Beginning in 1561, Girolamo Ruscelli published this important, expanded edition of Giacomo Gastaldi's 1548 Ptolemy. Its maps, engraved in Venice by Giulio Sanuto, were in the main based directly upon those in Gastaldi's 1548 work. The maps were larger format than Gastaldi's, however, and Sanuto's engraving was far clearer and more legible than those appearing in the 1548 work. There are some important additions that distinguish Ruscell's Ptolemy from Gastaldi's. Ruscelli's work contained a map of the habitable world according to Ptolemy, which the Gastaldi lacked; also, the double-hemisphere map appearing in the Ruscelli was new and did not appear in the Gastaldi. Ruscelli's modern map of England was based on the work of George Lily, rather than the Waldseemüller-derived map appearing in the Gastaldi; the Ruscelli is the earliest generally acquirable map of England based on knowledge from someone who lived there. In a fateful innovation, Ruscelli's work included
Septentrionalium partium nova tabula,the first copy of Nicolo Zeno's 1558 fraud
Carta da Navegar, which introduced a novel mapping of the north parts of the world, including the phantom islands of Frisland, Icaria, Drogeo and Estotiland. Had Ruscelli not copied the Zeno - which had a narrow, brief publication - this preposterous geography would have probably not taken hold. Its inclusion in Ruscelli's beautiful, authoritative and popular work would lead to the adoption of the Zeno map by Mercator, Ortelius, Plancius and their successors, baffling scholars for centuries. Ruscelli's Ptolemy had a long publication history, cementing the influence of the work. It appeared both in Italian and Latin editions, all printed in Venice, throughout the latter 16th century:
- 1561 La Geographia di Claudio Tolomeo Alessandrino, Italian. Venice, Vincenzo Valgrisi.

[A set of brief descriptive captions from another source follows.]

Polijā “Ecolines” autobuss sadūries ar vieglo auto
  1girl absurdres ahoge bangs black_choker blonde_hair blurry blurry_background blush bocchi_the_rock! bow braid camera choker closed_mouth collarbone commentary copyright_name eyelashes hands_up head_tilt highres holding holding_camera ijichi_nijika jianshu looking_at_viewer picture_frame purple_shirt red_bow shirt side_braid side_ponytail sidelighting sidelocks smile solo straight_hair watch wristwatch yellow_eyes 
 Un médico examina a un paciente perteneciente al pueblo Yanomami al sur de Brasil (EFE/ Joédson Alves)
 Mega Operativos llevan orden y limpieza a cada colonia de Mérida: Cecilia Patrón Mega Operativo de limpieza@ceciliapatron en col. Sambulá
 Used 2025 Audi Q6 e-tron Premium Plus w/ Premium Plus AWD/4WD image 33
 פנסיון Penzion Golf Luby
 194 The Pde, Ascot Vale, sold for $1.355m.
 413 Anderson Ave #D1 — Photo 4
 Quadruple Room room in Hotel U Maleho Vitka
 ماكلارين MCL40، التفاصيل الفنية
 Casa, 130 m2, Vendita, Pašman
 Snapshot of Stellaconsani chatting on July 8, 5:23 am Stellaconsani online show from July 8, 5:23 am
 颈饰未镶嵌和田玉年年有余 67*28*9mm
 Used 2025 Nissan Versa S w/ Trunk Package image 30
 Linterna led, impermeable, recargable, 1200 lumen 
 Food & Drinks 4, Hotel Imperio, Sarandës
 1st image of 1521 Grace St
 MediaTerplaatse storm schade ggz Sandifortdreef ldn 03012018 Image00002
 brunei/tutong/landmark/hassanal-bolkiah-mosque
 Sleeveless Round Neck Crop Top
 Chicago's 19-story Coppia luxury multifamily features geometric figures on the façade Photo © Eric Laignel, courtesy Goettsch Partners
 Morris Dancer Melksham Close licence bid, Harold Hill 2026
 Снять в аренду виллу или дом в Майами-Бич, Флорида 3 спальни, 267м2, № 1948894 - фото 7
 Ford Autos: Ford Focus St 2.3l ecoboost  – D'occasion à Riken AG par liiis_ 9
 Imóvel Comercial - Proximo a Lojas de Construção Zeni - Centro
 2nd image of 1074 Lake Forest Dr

- 1562 Geographia Cl. Ptolemaei Alexandrini, Latin. Venice, Vincenzo Valgrisi.
- 1564 La Geographia di Claudio Tolomeo Alessandrino, Italian. Venice, Giordano Ziletti.
- 1564 Geographia Cl. Ptolemaei Alexandrini, Latin. Venice, Giordano Ziletti.
Maps from the above four editions are distinguishable from later issues by their platemarks, which run off the top of the sheet. (The maps were engraved two-to-a-plate head-to-head, and printed simultaneously. Some exam[ples of the uncut sheets have survived.) There is some evidence that, during the course of the publication of the 1564 Latin edition, Ziletti had begun to divide the plates. The map of the ancient world in the above editions was based on Ptolemy's second, curvilinear projection; the Zeno map appears in its first plate.- 1574 La Geographia di Claudio Tolomeo Alessandrino, Italian. Venice, Giordano Ziletti.
- 1598 Geographia di Claudio Tolomeo Alessandrino, Italian. Venice, heirs of Melchoir Sessa.
- 1599 Geographia di Claudio Tolomeo Alessandrino, Italian. Venice, heirs of Melchoir Sessa.
By 1574, all of the paired plates had been divided. The Ptolemaic world map is newly engraved, utilizing Ptolemy's first, trapezoidal projection. The Zeno map has also been replaced with a new copperplate engraving. Both the 1598 and 1599 Sessa editions can be distinguished from earlier editions by the presence of letterpress text in the upper border of the map sheets, and the addition of decorative engraving on many of the maps. We thank Eliane Dotson for accompanying us on this particular rabbit hole.
Very good. Soiling to margins and faint offsetting. Neat manuscript notation and embellishment of cities in an old hand.
OCLC 7470062. Rumsey 11311.058. Curtis, R. and Durand, Fr. Maps of Malaysia and Borneo: Discovery, Statehood and Progress, no. 2.